These predictors were selected because they are freely available online and they are representative of the different approaches developed during the last few years . Moreover, PoPMuSiC was selected because it appears to be the best tool available from the last extensive comparison made by Pucci et al. , and DUET because it is among the most popular stability predictor servers (as per Google Scholar citations). The other three predictors are more recent and were not previously assessed by researchers different from their developers. In particular, INPS-MD was selected because its authors stated that they carefully designed the training set for its development, to overcome the bias for destabilizing mutations . Finally, DynaMut was selected because it is very popular (as per Google Scholar citations), and MAESTROweb for its unique ability to manage multimeric proteins.

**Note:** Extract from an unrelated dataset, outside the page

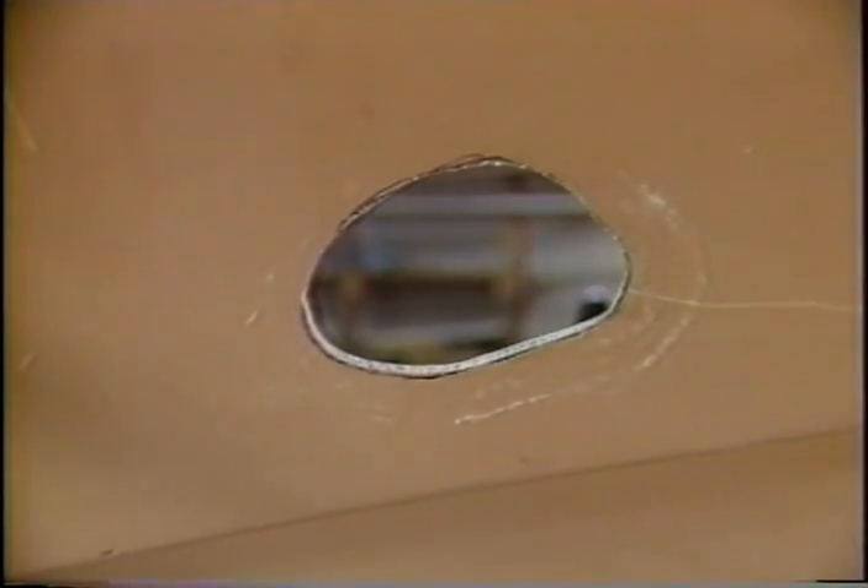Cut out the marked area by using a saber saw. You must bevel the edge of the hole.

In order to predict the change in protein stability, all of these tools require: (a) the structure of the wild-type protein in PDB format; (b) the specification of the missense mutation that the user wishes to study; (c) the protein chain involved in the mutation. As output, each tool provides the predicted ∆∆G value of the mutant compared with the wild type protein, and a binary classification of the mutation (either stabilizing or destabilizing) based on the sign of the predicted ∆∆G value. A negative sign for this value is associated with destabilizing mutations for DynaMut, DUET and INPS-MD, whereas PoPMuSiC and MAESTROweb associate a negative sign to stabilizing mutations. In order to standardize this binary output and make the statistical analyses easier, we inverted the sign of the output of PoPMuSiC and MAESTROweb in our statistical evaluations.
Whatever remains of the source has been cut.